Released 1974 on Harvest
The Seth Man, June 2000ce
From the beginning, Be-Bop Deluxe was main man Bill Nelson’s futurist vision of rock and roll cut with aesthete lyrics underscored by massively huge and technically precise guitar runs re-tooled and fashioned in equaled parts from the choicest riffings of Hank B. Marvin, John Lennon, Duane Eddy, Jimi Hendrix, Mick Ronson and distilled down to their essential components and heaved through with massive soloing. But for all his burning leads, Nelson was only able to unleash undue amounts of them within an ordered pop structure of his own making. In 1974, UK glam was getting scarce and well into its waning phase, making this album a little too late to be coming on so heavy with all the greasy painted faces and darkening-of-eye, but the absolute airtightness of the tunes overcome these faint anachronisms effortlessly. Especially side one, a glam sleaze fest nonpareil that leaves side two to contain Nelson’s aural postcards from his native Yorkshire, sentimental muses caught out in the open air. But side one’s far different attitude begins with the slow-tempo title cut with the great camp opening of the first lines that had me howling for days as a fifteen year old:

“You came to watch the band,
to see us play our parts.
We hoped you’d lend an ear,
you’d hoped we dressed like tarts.”

It took sheer fuck balls to sing that line! But to do so in a black, quilted jacket with more mascara than Dusty Springfield playing a hollow-boded Gibson at full blast like an alien dropping in from Mars for a unisex quickie topped up by multi-dimensional Chuck Berry riffs cut with progressive finesse hit me right between my eyes and ears. Then the guitars come in as a ceaseless parade of ultimate glam riffs that continue practically unabated for the next three songs: “Love Is Swift Arrows”, “Jet Silver And The Dolls From Venus” and “Third Floor Heaven.” “Swift Arrows” is underlined by a delicate 12-string acoustic as the guitars come careening in, edging feedback to the corners as it gathers into a Durango 95 run by Bill and his Be-Bop droogs through the countryside in broad daylight for another mascara run. “Jet Silver And The Dolls” is (obviously) glam to a T and “Third Floor Heaven” is an even bitchier “Queen Bitch” with more feedbacking wheeling over all the camp vocalising with onanist/trick turning references that kept me both laughing and rockin’ out throughout the latter part of my teens...More tales of glam poseurie follow with the gig/life-weary “Night Creatures,” a downer tale of broken stardust dreams amongst equally dead-end glitter-ati.
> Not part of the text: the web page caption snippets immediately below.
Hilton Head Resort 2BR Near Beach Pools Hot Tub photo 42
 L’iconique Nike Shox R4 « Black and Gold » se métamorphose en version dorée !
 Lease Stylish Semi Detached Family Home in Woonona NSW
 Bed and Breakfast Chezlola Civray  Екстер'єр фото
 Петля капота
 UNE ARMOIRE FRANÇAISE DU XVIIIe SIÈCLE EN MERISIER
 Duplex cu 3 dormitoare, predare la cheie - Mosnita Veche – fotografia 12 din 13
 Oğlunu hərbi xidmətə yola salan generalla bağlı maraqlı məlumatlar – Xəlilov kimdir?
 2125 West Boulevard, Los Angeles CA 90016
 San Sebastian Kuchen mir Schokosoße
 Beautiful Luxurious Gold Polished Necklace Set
The real anomaly on side two is in the opener, “Rocket Cathedrals” (not least of all because it’s the sole Be-Bop Deluxe song neither written or sung by Nelson himself), because it’s about as sloppy and shaking a rockandrolla as Be-Bop Deluxe ever cut on record. A sputtering generator purrs over the repeated robotic intonation “Tenalp rehtona no gnicnemmoc won si noitcurtsed latot” and the rock and roll madness promised on the inside Mick Rock-photographed gatefold is delivered once more with Nelson’s unsmacked and reoccurring Johnny Thunders-styled ace riffing. “Adventures In A Yorkshire Landscape”, “Jets At Dawn” and the heart-swelling “L’Immortaliste” (with strings, choral and a symbolist light beam from the heavens) completes this first wax offering from a group that came too late and ended too soon, but left behind a unique body of work that resists categorisation and comparison to everything it drew inspiration from.